On April 9, a majority of the Ninth Circuit Court of Appeals ruled that an employer cannot rely on newly-hired employees’ salary histories to justify paying men more than women for the same work. Although the federal Equal Pay Act of 1963 allows disparities based on factors “other than sex,” the court found that salary histories are sufficiently tainted with sex discrimination to bar such reliance. Since it’s taken over 50 years for an appeals court to reach this conclusion, it’s worth exploring the court’s reasoning.
How Does the Equal Pay Act Prevent Wage Discrimination?
The Equal Pay Act was adopted in 1963 as an amendment to the Fair Labor Standards Act of 1938 (FLSA). FLSA is generally known as the source of national minimum wage and overtime requirements, but it also includes prohibitions against “oppressive child labor” (inserted in 1949) and discrimination “on the basis of sex” (since 1963). FLSA, including its Equal Pay Act provision, is administered by the Department of Labor’s (DOL’s) Wage and Hour Division – which means that this particular prohibition against workplace sex discrimination is not one of the civil right-based laws administered by the Equal Employment Opportunity Commission (EEOC). (I summarized EEOC’s sex discrimination activities under Title VII here).
The Equal Pay Act provides the following prohibition, with several conditional exemptions:
No employer [subject to the Act] shall discriminate, within any establishment in which such employees are employed, between employees on the basis of sex by paying wages to employees in such establishment at a rate less than the rate at which he pays wages to employees of the opposite sex in such establishment for equal work on jobs the performance of which requires equal skill, effort, and responsibility, and which are performed under similar working conditions, except where such payment is made pursuant to:
|i)||a seniority system.|
|ii)||a merit system.|
|iii)||a system which measures earnings by quantity or quality of production.|
|iv)||a differential based on any other factor other than sex….|
The new Ninth Circuit decision analyses a claim under item (iv) in this list.
What was the Case?
Aileen Rizo was hired as a math consultant by the Office of Education in Fresno County, California. Her most recent job had been as a public school math teacher in Arizona, making $50,630 (for 206 working days per year) plus an additional $1,200 based on her two masters’ degrees. She hired into Fresno’s salary schedule, which provided 10 steps within each of 10 levels for her career track. By formal policy, Fresno assigned pay slots based only on prior salary, paying 5% above what the new employee had been making. That slotted Rizo in Step 1 of Level 1, making $62,133 plus $600 for degrees.

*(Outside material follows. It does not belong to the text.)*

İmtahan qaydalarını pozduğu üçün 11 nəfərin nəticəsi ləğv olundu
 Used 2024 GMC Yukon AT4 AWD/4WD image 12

She later learned that male peers had been hired on higher salary steps. She filed an administrative complaint of pay inequity, which Fresno denied. She then sued Fresno and its Superintendent Jim Yovino, claiming sex discrimination under the Equal Pay Act (and also Title VII and comparable California laws). Yovino sought summary judgment, claiming that Fresno’s standard was based purely on past salary, not on sex, and therefore qualified under the exception item (iv) above. The district court denied summary judgment. Fresno and Yovino appealed, and a 3-judge panel of the Ninth Circuit reversed that decision based on prior precedent that had allowed prior salary along with other factors including “ability, education, [and] experience.” Rizo successfully sought an en banc review by all the judges in the Ninth Circuit, which resulted in the latest decision.
What Was the Decision?
On review, the Circuit court interpreted the Equal Pay Act and more than five decades of legislative revisions and judicial interpretations. The court found that the Act “creates a type of strict liability for employers who pay men and women different wages for the same work: once a plaintiff demonstrates a wage disparity, she is not required to prove discriminatory intent.” The court therefore rejected the employer’s attempt to argue that possible disparate impacts were immaterial unless the employee could prove an intent to discriminate. Instead, the court “conclude[d], unhesitatingly, that ‘any other factor other than sex’ is limited to legitimate, job-related factors such as a prospective employee’s experience, educational background, ability, or prior job performance.” The Court also found general support for its conclusion in decisions from other circuit courts that focused on “job related” factors (although not as explicitly as this decision now does).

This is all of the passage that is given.